# AIM OF THE TASK:
The material below must be output exactly, line for line.

# INFORMATION SUPPLIED:
____________________

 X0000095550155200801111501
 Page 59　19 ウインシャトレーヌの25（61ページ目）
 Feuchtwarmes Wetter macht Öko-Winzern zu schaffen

____________________

# PROBLEM SOLUTION:
 X0000095550155200801111501
 Page 59　19 ウインシャトレーヌの25（61ページ目）
 Feuchtwarmes Wetter macht Öko-Winzern zu schaffen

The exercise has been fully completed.